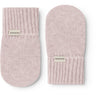 MarMar Cashmere Rosa Mel. Alvilda Baby Mittens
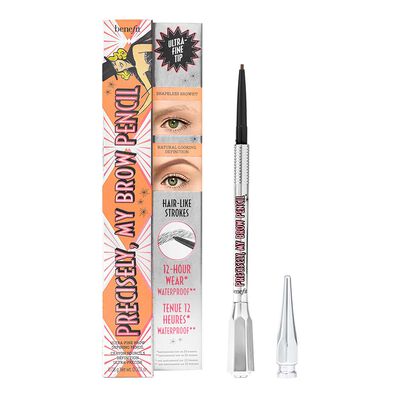 PRECISELY, MY BROW PENCIL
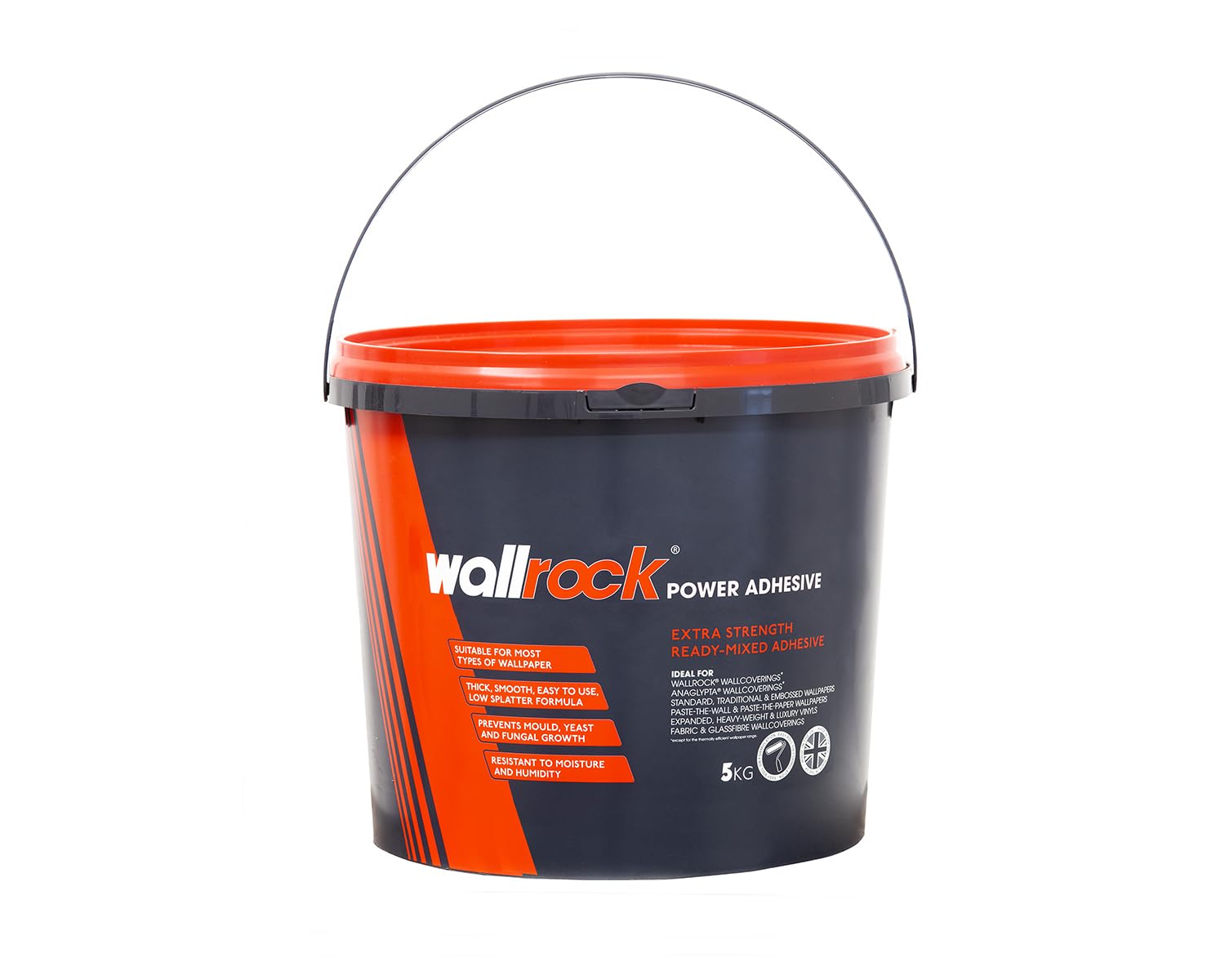 Wallrock Power Adhesive (5kg)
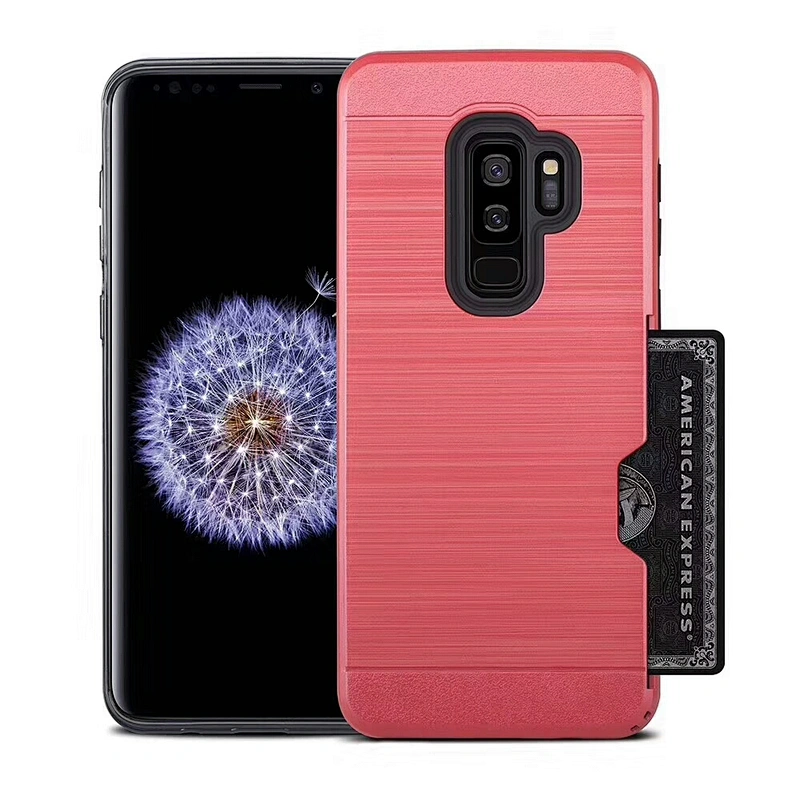 Hot models card slot mobile phone cover for iphone 11, cell phone case for iphone 11 pro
━━━
§ HOW TO COMPLETE THIS TASK
Would you restate all of the data above word for word, omitting the pictures?

§ RESPONSE TO THE TASK
 MarMar Cashmere Rosa Mel. Alvilda Baby Mittens
 PRECISELY, MY BROW PENCIL
 Wallrock Power Adhesive (5kg)
 Hot models card slot mobile phone cover for iphone 11, cell phone case for iphone 11 pro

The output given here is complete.